The Ponte Vista Web site has another statement; “A place alive every night with the light of a million stars.” No, I’m sorry, that is not quite right, in my opinion. Those “stars” should be “headlights” because that’s what will be lighting up the night…all the cars parked on Western trying to get somewhere. But the folks at Ponte Vista assure us the degree of traffic planning they did will make if feel like there are half that number (of 2300 homes). Hhmmmm, traffic is awful now and feeling like it’s only 1150 instead of 2300 is going to make it better?
Now let’s add the Target and the new homes planned for “Highland Park”, both going in near the corner of Capitol and Gaffey streets. All the traffic that will bring into my neighborhood will change it from the way it was and the way it ought to be, to the way it should never be and will be long gone, forever.
Bob the builder will say whatever is necessary to achieve his goal regardless of the actualities of it. First and foremost this is his business and he is doing it to make money, not to make San Pedro a better place or provide any wonderful community places where we can all get together and sing campfire songs.
My youngest son will promise me he will clean his room and take out the trash and whatever else, if I will give him whatever he it is he wants at the moment. However, once he has gotten his way he “forgets” all about the promises. Once Bob the builder gets what he wants and those 2300 homes are built, he won’t be giving any thought to those of us parked on Western.
I’ve lived here most of my life and because everything I grew up with is gone and the future holds so much over development for this area, I might as well go to another neighborhood somewhere, where citizens are content remaining in a neighborhood and not allowing so much development. I am sad that my neighborhood has to change this way.
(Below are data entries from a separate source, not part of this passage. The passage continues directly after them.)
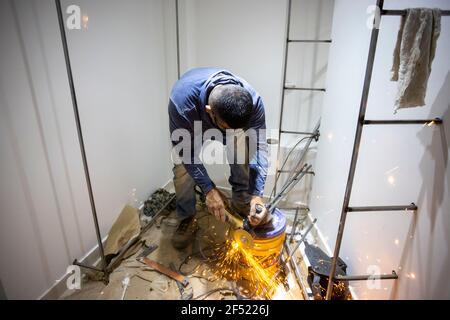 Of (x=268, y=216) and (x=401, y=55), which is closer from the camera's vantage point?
(x=401, y=55)

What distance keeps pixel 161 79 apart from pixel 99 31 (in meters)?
0.83

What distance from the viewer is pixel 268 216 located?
1506mm

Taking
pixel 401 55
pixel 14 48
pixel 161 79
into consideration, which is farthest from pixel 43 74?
pixel 401 55

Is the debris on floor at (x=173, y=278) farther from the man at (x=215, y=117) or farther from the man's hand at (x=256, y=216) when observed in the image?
the man at (x=215, y=117)

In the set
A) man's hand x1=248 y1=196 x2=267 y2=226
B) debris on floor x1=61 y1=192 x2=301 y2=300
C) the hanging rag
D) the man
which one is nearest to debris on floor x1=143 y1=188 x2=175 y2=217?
debris on floor x1=61 y1=192 x2=301 y2=300

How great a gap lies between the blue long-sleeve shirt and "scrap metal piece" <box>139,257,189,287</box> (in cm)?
62

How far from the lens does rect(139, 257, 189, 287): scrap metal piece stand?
5.59 feet

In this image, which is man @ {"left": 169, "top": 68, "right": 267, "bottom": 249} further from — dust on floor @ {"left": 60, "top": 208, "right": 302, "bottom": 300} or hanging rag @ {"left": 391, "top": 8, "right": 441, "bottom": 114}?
hanging rag @ {"left": 391, "top": 8, "right": 441, "bottom": 114}

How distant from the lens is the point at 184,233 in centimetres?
217

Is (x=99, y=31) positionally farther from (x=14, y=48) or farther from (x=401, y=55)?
(x=401, y=55)

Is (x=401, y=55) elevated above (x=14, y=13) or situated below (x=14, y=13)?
below

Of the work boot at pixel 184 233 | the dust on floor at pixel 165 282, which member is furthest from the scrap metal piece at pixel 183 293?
the work boot at pixel 184 233

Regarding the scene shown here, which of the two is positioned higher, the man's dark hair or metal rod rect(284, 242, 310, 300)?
the man's dark hair

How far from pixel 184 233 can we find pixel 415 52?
1.89 m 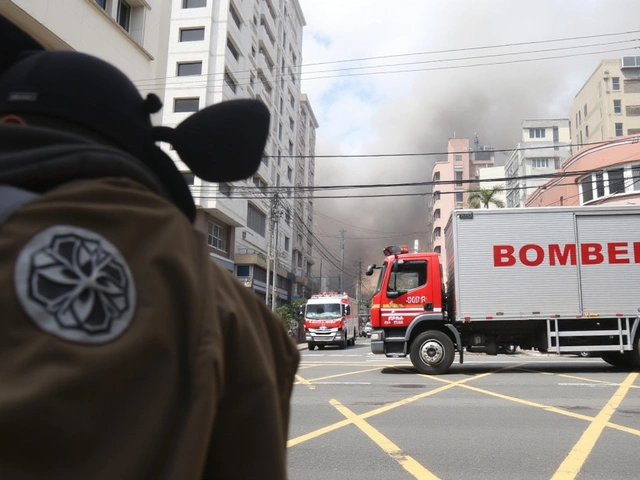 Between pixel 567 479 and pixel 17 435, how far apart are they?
469 cm

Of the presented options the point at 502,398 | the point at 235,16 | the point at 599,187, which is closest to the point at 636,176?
the point at 599,187

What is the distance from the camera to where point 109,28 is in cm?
981

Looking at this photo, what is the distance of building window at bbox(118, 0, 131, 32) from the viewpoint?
1120 centimetres

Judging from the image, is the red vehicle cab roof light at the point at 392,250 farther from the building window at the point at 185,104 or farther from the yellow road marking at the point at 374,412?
the building window at the point at 185,104

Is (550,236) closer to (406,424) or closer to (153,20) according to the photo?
(406,424)

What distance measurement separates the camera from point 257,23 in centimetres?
3812

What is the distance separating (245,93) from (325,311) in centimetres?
1536

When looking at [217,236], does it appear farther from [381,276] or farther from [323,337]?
[381,276]

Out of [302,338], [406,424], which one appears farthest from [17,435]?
[302,338]

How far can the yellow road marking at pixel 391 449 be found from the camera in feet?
14.6

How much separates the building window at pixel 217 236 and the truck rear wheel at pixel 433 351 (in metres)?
19.5

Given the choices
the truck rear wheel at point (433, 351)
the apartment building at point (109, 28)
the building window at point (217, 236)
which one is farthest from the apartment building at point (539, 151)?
the apartment building at point (109, 28)

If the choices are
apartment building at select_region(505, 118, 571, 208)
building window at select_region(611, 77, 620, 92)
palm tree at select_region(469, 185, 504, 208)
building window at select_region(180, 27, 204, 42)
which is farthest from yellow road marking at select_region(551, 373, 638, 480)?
apartment building at select_region(505, 118, 571, 208)

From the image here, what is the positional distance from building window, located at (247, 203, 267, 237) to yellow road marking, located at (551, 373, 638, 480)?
3044 centimetres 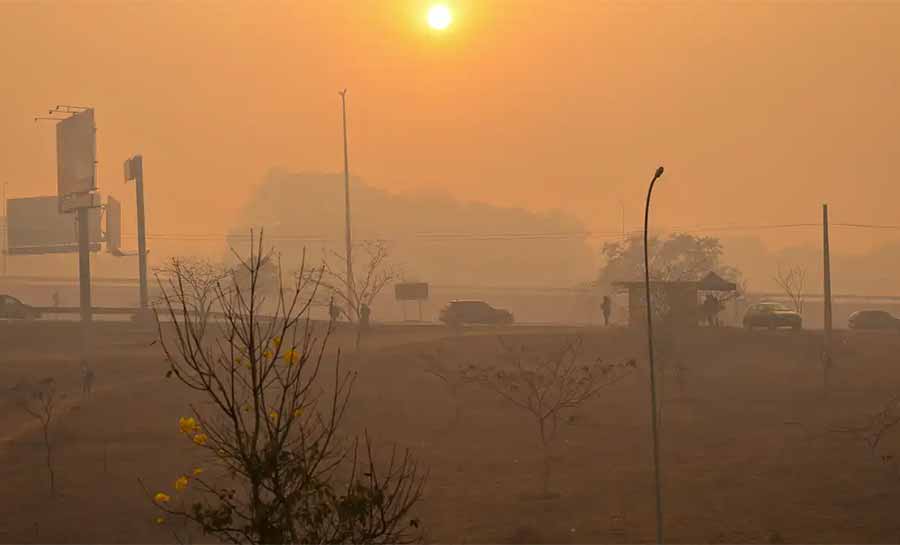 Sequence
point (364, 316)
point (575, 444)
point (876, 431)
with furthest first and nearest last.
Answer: point (364, 316), point (575, 444), point (876, 431)

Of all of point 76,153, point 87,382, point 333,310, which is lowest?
point 87,382

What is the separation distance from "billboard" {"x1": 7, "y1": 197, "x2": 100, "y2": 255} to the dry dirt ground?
30956mm

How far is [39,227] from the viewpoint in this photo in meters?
96.6

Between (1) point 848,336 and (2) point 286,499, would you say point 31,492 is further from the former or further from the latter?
(1) point 848,336

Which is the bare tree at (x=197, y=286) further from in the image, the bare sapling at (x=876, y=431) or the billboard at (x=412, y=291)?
the bare sapling at (x=876, y=431)

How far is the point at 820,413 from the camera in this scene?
153 feet

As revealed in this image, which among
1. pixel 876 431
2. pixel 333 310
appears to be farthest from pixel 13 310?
pixel 876 431

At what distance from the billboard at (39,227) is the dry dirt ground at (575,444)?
30956 millimetres

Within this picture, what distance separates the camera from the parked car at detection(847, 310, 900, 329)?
7656 centimetres

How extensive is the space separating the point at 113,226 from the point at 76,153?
1427 cm

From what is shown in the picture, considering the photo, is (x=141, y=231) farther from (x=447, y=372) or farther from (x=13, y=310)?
(x=447, y=372)

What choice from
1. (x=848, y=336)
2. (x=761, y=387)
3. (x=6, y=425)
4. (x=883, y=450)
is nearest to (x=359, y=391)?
(x=6, y=425)

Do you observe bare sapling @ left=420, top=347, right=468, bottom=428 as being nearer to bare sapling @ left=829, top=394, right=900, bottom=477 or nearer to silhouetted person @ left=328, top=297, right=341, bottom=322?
silhouetted person @ left=328, top=297, right=341, bottom=322

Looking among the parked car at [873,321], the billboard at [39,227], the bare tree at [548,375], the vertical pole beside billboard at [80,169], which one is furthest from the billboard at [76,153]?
the parked car at [873,321] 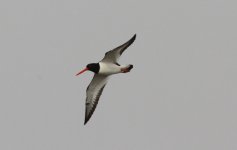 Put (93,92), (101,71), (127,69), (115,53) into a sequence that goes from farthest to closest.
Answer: (93,92), (101,71), (127,69), (115,53)

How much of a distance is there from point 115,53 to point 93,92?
2.90 metres

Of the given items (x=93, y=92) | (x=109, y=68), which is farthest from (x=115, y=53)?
(x=93, y=92)

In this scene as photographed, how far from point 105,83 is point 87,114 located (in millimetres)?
1529

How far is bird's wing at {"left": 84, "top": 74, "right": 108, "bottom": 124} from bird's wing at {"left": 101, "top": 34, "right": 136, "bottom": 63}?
1.69 meters

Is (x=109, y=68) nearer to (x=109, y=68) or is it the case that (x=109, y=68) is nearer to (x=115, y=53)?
(x=109, y=68)

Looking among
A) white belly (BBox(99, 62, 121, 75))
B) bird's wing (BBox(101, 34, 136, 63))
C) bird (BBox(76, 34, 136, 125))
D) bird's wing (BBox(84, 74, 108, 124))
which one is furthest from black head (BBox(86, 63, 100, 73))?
bird's wing (BBox(84, 74, 108, 124))

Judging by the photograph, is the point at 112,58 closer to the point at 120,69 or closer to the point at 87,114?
the point at 120,69

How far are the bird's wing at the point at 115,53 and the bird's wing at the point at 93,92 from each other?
169 centimetres

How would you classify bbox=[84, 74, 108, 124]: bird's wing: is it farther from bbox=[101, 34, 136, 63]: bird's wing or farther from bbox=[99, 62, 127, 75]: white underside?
bbox=[101, 34, 136, 63]: bird's wing

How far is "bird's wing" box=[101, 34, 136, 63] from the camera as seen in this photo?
33312 millimetres

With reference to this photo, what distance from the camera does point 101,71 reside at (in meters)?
34.8

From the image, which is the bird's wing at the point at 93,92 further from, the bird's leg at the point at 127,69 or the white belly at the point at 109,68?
the bird's leg at the point at 127,69

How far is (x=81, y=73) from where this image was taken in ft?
116

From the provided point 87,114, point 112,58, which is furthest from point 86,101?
point 112,58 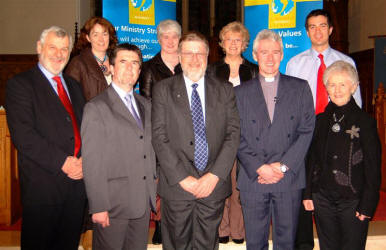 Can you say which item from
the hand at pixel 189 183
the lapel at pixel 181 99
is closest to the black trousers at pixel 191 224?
the hand at pixel 189 183

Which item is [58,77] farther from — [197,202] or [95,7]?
[95,7]

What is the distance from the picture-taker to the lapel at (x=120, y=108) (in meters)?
2.11

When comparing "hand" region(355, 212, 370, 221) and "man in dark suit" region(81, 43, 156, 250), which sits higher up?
"man in dark suit" region(81, 43, 156, 250)

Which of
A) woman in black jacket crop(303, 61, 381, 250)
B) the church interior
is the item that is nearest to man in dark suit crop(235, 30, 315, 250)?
woman in black jacket crop(303, 61, 381, 250)

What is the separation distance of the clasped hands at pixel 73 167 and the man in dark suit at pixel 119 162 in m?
0.11

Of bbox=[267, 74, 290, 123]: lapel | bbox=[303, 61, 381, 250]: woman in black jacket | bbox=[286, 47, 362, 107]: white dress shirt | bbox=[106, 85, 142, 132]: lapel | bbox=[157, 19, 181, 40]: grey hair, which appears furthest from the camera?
bbox=[286, 47, 362, 107]: white dress shirt

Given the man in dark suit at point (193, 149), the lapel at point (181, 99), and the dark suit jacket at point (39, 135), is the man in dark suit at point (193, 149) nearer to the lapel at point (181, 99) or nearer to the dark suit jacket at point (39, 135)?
the lapel at point (181, 99)

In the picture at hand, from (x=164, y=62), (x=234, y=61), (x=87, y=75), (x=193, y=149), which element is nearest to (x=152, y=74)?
(x=164, y=62)

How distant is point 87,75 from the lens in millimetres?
2725

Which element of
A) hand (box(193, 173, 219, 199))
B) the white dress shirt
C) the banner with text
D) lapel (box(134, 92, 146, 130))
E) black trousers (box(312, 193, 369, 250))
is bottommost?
black trousers (box(312, 193, 369, 250))

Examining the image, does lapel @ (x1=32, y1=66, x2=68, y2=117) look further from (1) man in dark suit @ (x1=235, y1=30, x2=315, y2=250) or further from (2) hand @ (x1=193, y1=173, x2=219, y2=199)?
Answer: (1) man in dark suit @ (x1=235, y1=30, x2=315, y2=250)

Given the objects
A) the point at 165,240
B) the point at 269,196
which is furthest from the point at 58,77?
the point at 269,196

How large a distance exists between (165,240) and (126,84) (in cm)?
99

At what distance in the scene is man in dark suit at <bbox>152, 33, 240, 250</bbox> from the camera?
7.17 feet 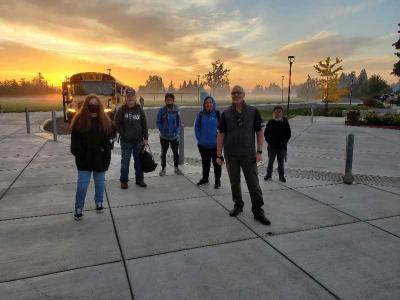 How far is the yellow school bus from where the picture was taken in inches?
709

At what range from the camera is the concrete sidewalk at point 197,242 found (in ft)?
10.0

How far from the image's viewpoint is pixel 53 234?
165 inches

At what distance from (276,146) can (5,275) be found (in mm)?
5155

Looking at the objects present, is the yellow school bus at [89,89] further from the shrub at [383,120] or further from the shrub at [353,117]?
the shrub at [383,120]

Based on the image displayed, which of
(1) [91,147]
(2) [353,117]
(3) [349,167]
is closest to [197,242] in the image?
(1) [91,147]

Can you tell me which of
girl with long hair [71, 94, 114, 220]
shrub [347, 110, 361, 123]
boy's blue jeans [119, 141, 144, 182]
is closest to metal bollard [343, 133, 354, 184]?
boy's blue jeans [119, 141, 144, 182]

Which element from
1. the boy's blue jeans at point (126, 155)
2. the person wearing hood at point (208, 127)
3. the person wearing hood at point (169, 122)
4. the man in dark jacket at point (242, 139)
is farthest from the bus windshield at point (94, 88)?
the man in dark jacket at point (242, 139)

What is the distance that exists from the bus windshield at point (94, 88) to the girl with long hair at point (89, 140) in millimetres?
14392

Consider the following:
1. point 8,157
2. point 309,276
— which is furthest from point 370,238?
point 8,157

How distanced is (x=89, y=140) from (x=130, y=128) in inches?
60.9

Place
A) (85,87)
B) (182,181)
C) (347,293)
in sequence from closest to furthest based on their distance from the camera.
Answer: (347,293) → (182,181) → (85,87)

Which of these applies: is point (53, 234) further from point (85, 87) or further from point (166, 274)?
point (85, 87)

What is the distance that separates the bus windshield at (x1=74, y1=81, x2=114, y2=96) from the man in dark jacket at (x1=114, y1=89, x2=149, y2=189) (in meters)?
13.1

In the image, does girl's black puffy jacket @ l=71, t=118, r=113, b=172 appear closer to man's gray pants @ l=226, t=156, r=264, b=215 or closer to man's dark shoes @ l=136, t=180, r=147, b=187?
man's dark shoes @ l=136, t=180, r=147, b=187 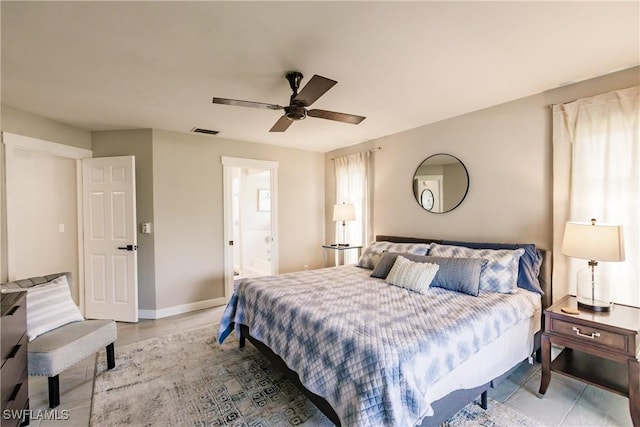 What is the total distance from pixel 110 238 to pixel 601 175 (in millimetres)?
5153

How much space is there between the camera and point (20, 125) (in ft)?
9.71

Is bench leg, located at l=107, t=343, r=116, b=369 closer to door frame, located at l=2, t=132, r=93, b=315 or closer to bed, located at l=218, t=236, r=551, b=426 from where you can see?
bed, located at l=218, t=236, r=551, b=426

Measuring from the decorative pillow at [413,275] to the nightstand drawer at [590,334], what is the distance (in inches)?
35.1

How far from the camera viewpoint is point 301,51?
198 centimetres

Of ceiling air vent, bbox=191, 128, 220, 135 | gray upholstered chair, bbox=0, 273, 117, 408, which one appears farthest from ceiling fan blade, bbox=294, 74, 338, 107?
gray upholstered chair, bbox=0, 273, 117, 408

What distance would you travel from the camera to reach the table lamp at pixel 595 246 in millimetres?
1987

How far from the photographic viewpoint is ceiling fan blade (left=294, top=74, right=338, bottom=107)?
6.06 feet

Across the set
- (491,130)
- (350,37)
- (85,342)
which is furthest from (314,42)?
(85,342)

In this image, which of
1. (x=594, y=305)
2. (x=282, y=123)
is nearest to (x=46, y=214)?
(x=282, y=123)

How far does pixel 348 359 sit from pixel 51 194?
180 inches

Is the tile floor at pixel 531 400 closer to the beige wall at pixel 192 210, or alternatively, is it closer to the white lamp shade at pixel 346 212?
the beige wall at pixel 192 210

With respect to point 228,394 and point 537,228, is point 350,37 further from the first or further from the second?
point 228,394

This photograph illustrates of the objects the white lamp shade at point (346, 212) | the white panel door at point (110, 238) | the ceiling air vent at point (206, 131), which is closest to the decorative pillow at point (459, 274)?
the white lamp shade at point (346, 212)

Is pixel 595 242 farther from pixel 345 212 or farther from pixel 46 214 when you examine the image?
pixel 46 214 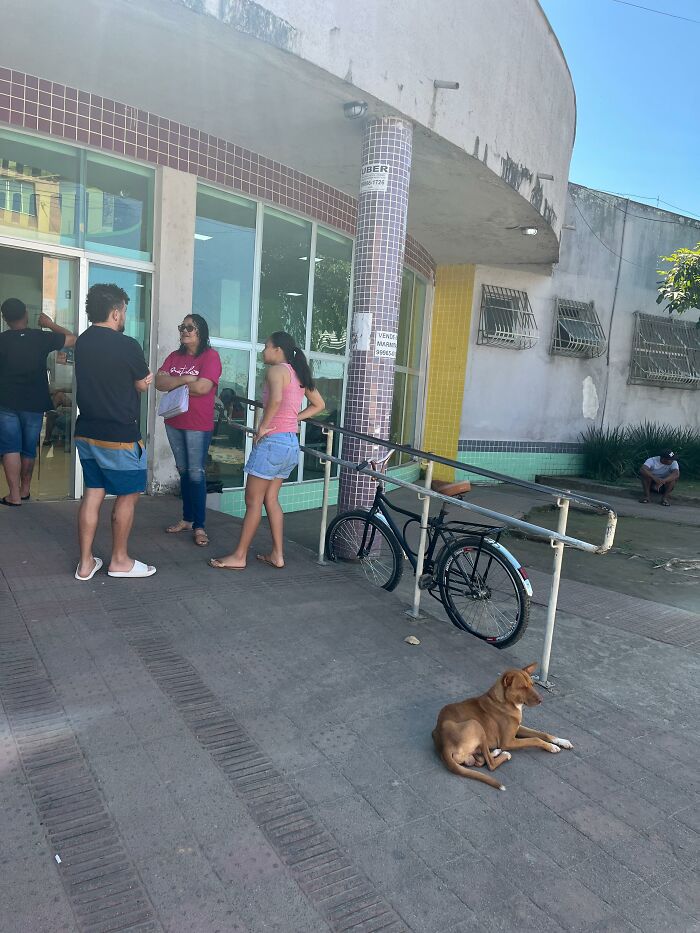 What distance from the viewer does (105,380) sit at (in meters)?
3.84

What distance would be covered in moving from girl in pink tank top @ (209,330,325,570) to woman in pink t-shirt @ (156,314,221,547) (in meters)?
0.60

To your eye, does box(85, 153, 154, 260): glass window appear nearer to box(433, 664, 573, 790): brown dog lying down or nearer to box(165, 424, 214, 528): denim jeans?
box(165, 424, 214, 528): denim jeans

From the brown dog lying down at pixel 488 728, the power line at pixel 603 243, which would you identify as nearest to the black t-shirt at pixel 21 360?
the brown dog lying down at pixel 488 728

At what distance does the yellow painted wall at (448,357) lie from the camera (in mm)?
11359

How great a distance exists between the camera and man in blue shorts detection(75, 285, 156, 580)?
3.82m

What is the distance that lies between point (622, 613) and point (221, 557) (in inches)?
122

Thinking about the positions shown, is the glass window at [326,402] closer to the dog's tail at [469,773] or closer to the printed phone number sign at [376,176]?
the printed phone number sign at [376,176]

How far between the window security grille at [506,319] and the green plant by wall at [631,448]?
8.37 feet

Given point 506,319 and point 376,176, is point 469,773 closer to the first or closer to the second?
point 376,176

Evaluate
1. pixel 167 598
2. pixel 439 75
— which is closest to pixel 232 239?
pixel 439 75

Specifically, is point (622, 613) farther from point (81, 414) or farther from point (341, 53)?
point (341, 53)

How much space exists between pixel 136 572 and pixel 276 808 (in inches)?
85.5

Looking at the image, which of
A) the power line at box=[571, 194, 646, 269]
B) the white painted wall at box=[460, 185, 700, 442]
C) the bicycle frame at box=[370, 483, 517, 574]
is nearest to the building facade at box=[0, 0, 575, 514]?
the bicycle frame at box=[370, 483, 517, 574]

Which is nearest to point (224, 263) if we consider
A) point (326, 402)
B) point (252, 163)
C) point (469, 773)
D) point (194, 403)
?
point (252, 163) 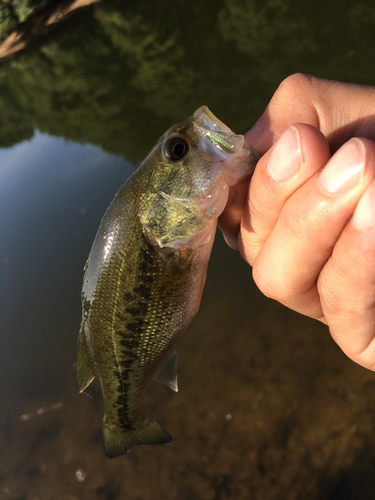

What “ought” to be at Ponte Vista? To be honest and at this point, I am not sure what I would like to see there. I know I don’t want “more” than what is already there, as far as housing.
As far as any type of park goes, we have parks. Peck Park, Harbor Park, and even the park down the street from where I grew up. Unfortunately, none of those parks are safe enough for me to let my children go to. People from other areas, drive in on the weekend to the park on Capitol near Gaffey and it’s disgusting to walk by on Monday mornings. I feel a new park (at Ponte Vista) will bring more criminals with more paint cans and I call 311 almost daily, as it is.
I don’t think there has to be something on every available piece of space there, but that’s just me.
I think the Community Advisory Committee is better suited for deciding what would be best for that area, unless it is another Starbucks, ha, ha, ha. I disagree with any plans to put another one (Starbucks) on Gaffey Street.
I am still reeling with the news about the new development on Gaffey, south of the D.M.V. I had no idea there will be more homes built along Gaffey, or else I just blocked it out.
You know that just because you can change something, doesn’t mean you should.